**What you have to do:** When you repeat the entries below, please keep them exact and leave out the pictures.

**Available records:**
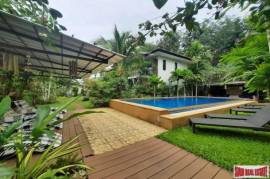 Small Hotel Business / Villa for Sale in the Heart of Peaceful Ao Nang, Krabi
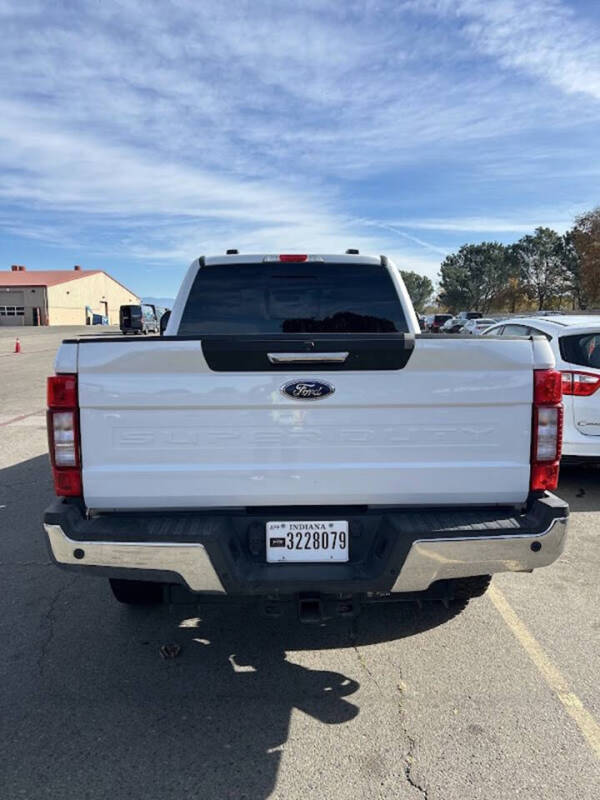 2022 Ford F-250 Super Duty Lariat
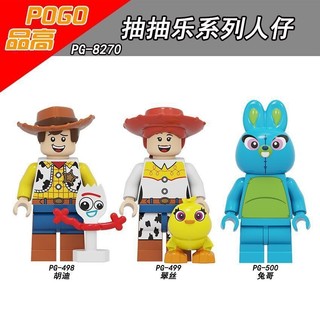Đồ chơi lắp ráp Minifigures nhân vật Toys Story PG498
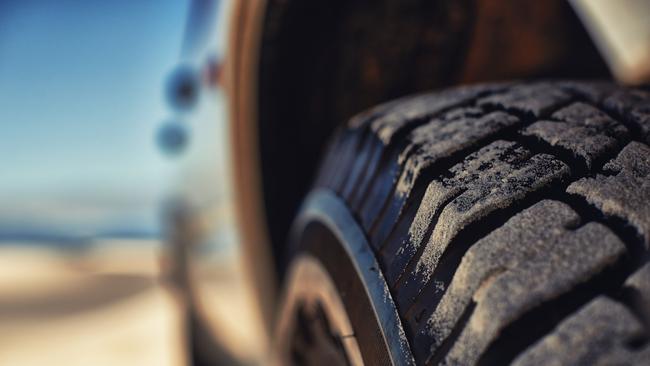 A global shortage of rubber could put pressure on the supply of car tyres. Picture: Istock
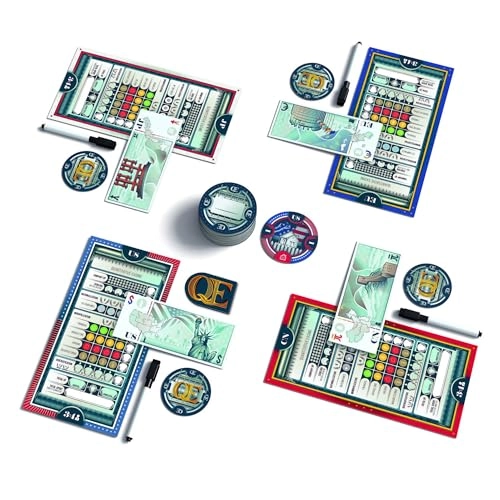 Q.E. - Strategy Game (German)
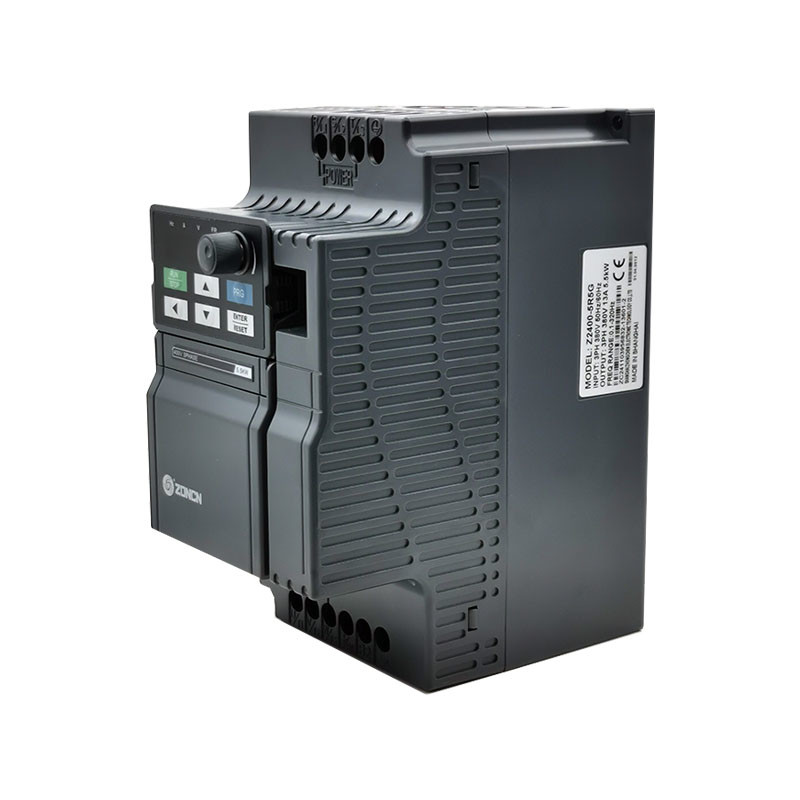 Low Voltage Inverter 380v 5.5kw 7.5kw Variable Frequency Drive 7hp 10hp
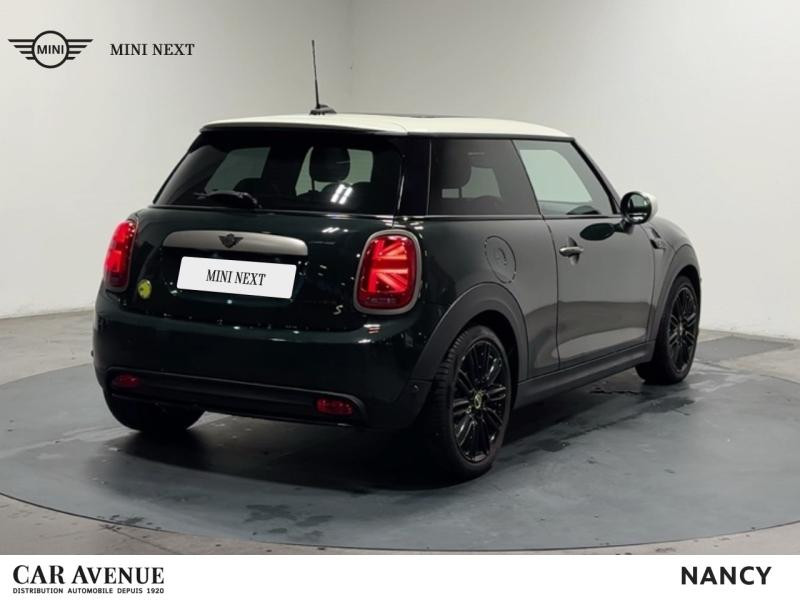 Used MINI Mini Cooper SE 184ch Edition Resolute Plus BVA 2022 Vert € 19999 in Nancy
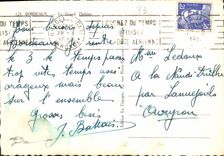 CPM Bordeaux Le Grand Theatre 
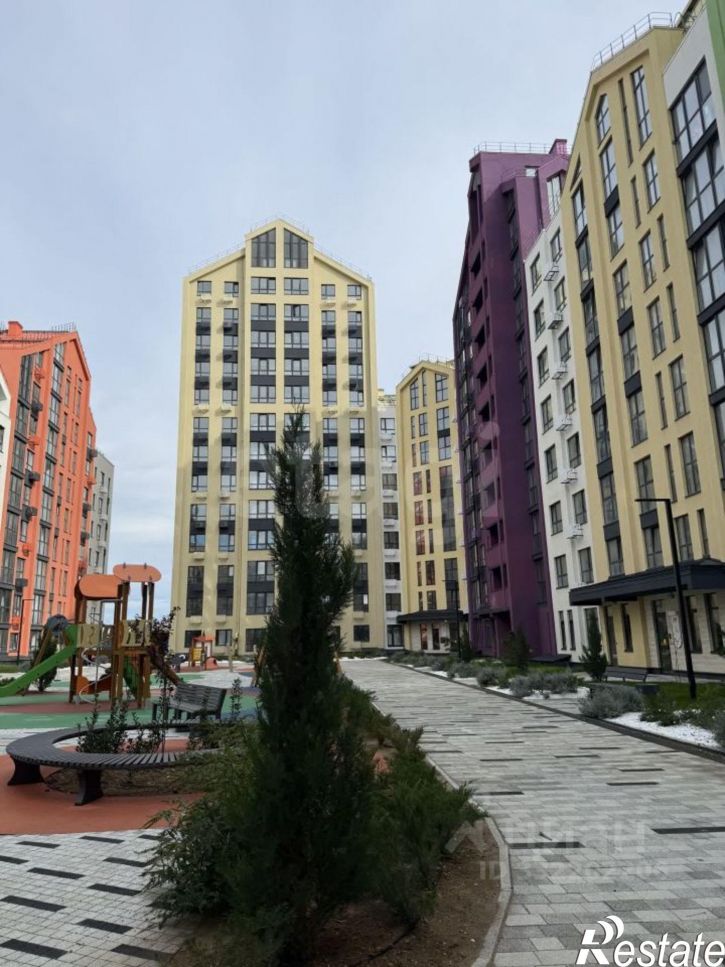 1-комн квартира городской округ Евпатория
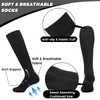 Ultrafun Kids Youth Baseball/Softball Socks and Belt Combo Set for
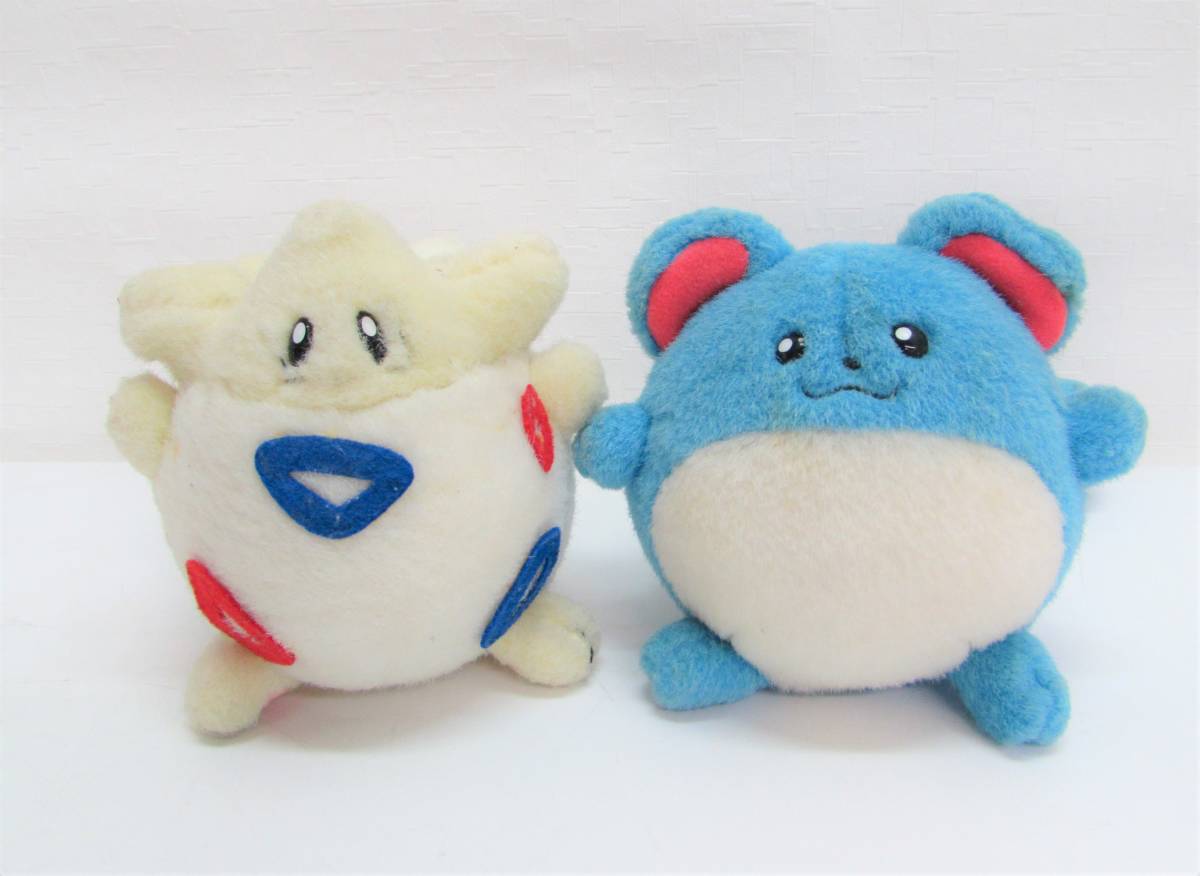 当時もの Tomy トミー ポケットモンスター ポケモン マリル トゲピー ぬいぐるみ 2点おまとめセット 約12cm前後 ポケットモンスター 売買されたオークション情報 Yahooの商品情報をアーカイブ公開 オークファン Aucfan Com 当時もの Tomy トミー ポケットモンスター ポケモン マリル トゲピー ぬいぐるみ 2点おまとめセット 約12cm前後 ポケットモンスター 売買されたオークション情報 Yahooの商品情報をアーカイブ公開 オークファン Aucfan Com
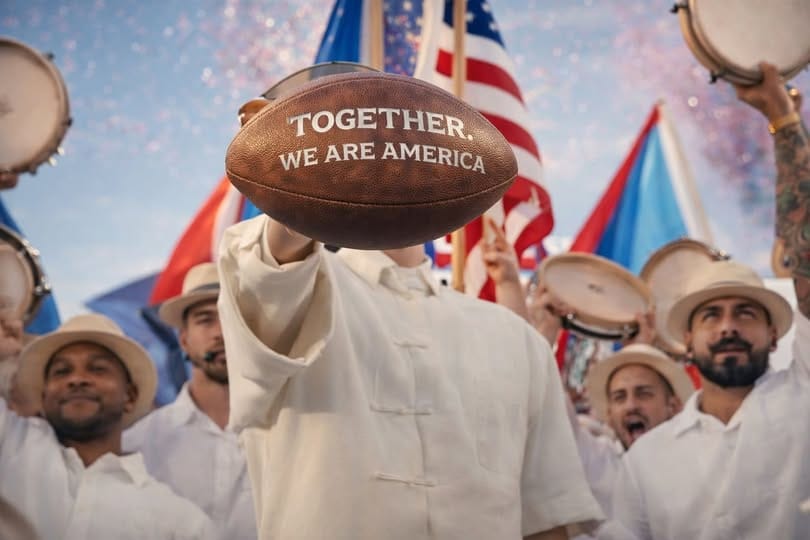 Bad Bunny’s ‘together, we are America’ is dangerous to Trump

**Output of the task:**
 Small Hotel Business / Villa for Sale in the Heart of Peaceful Ao Nang, Krabi
 2022 Ford F-250 Super Duty Lariat
Đồ chơi lắp ráp Minifigures nhân vật Toys Story PG498
 A global shortage of rubber could put pressure on the supply of car tyres. Picture: Istock
 Q.E. - Strategy Game (German)
 Low Voltage Inverter 380v 5.5kw 7.5kw Variable Frequency Drive 7hp 10hp
 Used MINI Mini Cooper SE 184ch Edition Resolute Plus BVA 2022 Vert € 19999 in Nancy
 CPM Bordeaux Le Grand Theatre 
 1-комн квартира городской округ Евпатория
 Ultrafun Kids Youth Baseball/Softball Socks and Belt Combo Set for
 当時もの Tomy トミー ポケットモンスター ポケモン マリル トゲピー ぬいぐるみ 2点おまとめセット 約12cm前後 ポケットモンスター 売買されたオークション情報 Yahooの商品情報をアーカイブ公開 オークファン Aucfan Com 当時もの Tomy トミー ポケットモンスター ポケモン マリル トゲピー ぬいぐるみ 2点おまとめセット 約12cm前後 ポケットモンスター 売買されたオークション情報 Yahooの商品情報をアーカイブ公開 オークファン Aucfan Com
 Bad Bunny’s ‘together, we are America’ is dangerous to Trump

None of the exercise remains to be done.